Walter (Beau Bridges) runs a private charter and can get Alex and Ben to Denver, no problem. Or so he claims. Just say the word!
Word.
But, when something goes terribly wrong – or in other words, never fly in a plane without a co-pilot – our passengers, Alex and Ben find themselves surviving in the depths of the Rocky Mountains.
As the camera pans the majesty of Mother Nature, we are reminded of her brutal voice. We are very small in the massive wilderness.
At a loss for sense of time, and as reality of their situation marinates in their meager existence, Alex and Ben find themselves coping with the emotions of shock, denial, hunger – even humor – and finally fear of the unknown. But, they also find something else….
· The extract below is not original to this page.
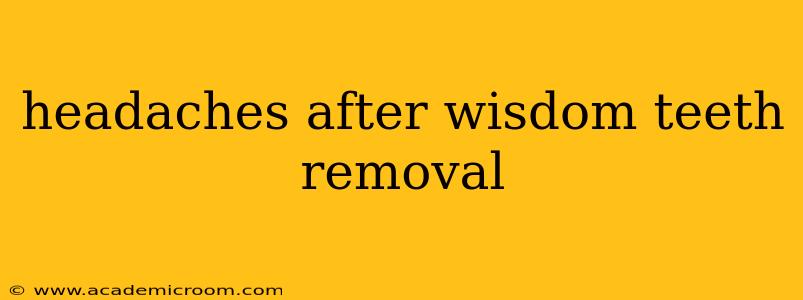 headaches after wisdom teeth removal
It’s the fact that they might die together. Two complete strangers. This might be the most intimate experience two people can share; let alone two people with little knowledge of the other. There’s little judgement of the other in times of desperation. There’s also not enough time to ponder and assess good qualities and bad.
Have you ever bonded with someone during a vulnerable situation…breaking down on the side of a road, a turbulence in an airplane, a neighbor who snow plows out your car when you’re stranded in a blizzard, arms waving overhead, in zero-visibility? In that moment, that person is all that exists. They’re your hero. And then, problem solved…life goes back to normal.
As the two navigate storms, nostril-freezing temps and mountain lions, their uncommon bond also reflects a certain fear of going back to the ‘real’ world without each other. What then?
In PTSD (Post-Traumatic Stress Disorder) comes all types of emotions that only two survivors can understand. There’s an incubation, like on the inside of a snow globe as the rest of the world stays on its exterior. And that’s where this movie’s strength rises to its romantic occasion. Can the two live without one another in the aftermath?
See if the chemistry of Winslet and Elba can endure, and definitely see this movie.